Scraped caption text data

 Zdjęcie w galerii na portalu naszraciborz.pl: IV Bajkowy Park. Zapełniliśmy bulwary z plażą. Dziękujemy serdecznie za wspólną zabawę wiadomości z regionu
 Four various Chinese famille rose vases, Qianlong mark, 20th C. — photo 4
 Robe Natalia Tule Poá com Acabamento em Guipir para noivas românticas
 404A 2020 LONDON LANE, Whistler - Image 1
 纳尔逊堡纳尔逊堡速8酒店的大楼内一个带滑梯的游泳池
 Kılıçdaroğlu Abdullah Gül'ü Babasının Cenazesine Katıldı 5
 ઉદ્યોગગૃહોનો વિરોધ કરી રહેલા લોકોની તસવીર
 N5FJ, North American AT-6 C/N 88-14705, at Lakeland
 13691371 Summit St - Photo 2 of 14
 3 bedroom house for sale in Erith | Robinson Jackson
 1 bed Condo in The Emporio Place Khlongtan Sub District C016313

**What is needed**
Print each line, starting with the one that contains "Kılıçdaroğlu Abdullah Gül'ü" and ending with the last line of the data, exactly as it stands and with no other lines.

**Task solution**
 Kılıçdaroğlu Abdullah Gül'ü Babasının Cenazesine Katıldı 5
 ઉદ્યોગગૃહોનો વિરોધ કરી રહેલા લોકોની તસવીર
 N5FJ, North American AT-6 C/N 88-14705, at Lakeland
 13691371 Summit St - Photo 2 of 14
 3 bedroom house for sale in Erith | Robinson Jackson
 1 bed Condo in The Emporio Place Khlongtan Sub District C016313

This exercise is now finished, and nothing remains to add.